** Opening Available records block **

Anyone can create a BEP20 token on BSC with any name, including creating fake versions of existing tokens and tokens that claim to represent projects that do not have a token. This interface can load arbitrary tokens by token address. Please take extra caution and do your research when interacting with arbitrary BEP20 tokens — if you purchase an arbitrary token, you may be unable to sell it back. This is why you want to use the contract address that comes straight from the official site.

** Closing Available records block **
** Opening Available records block **

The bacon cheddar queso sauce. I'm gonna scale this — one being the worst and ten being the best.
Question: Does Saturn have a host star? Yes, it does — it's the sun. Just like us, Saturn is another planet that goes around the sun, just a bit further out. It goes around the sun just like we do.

** Closing Available records block **

Your task is to restate, word for word, only those lines above that fall between the line holding "The bacon cheddar" and the line holding "Question: Does Saturn", inclusive.

The bacon cheddar queso sauce. I'm gonna scale this — one being the worst and ten being the best.
Question: Does Saturn have a host star? Yes, it does — it's the sun. Just like us, Saturn is another planet that goes around the sun, just a bit further out. It goes around the sun just like we do.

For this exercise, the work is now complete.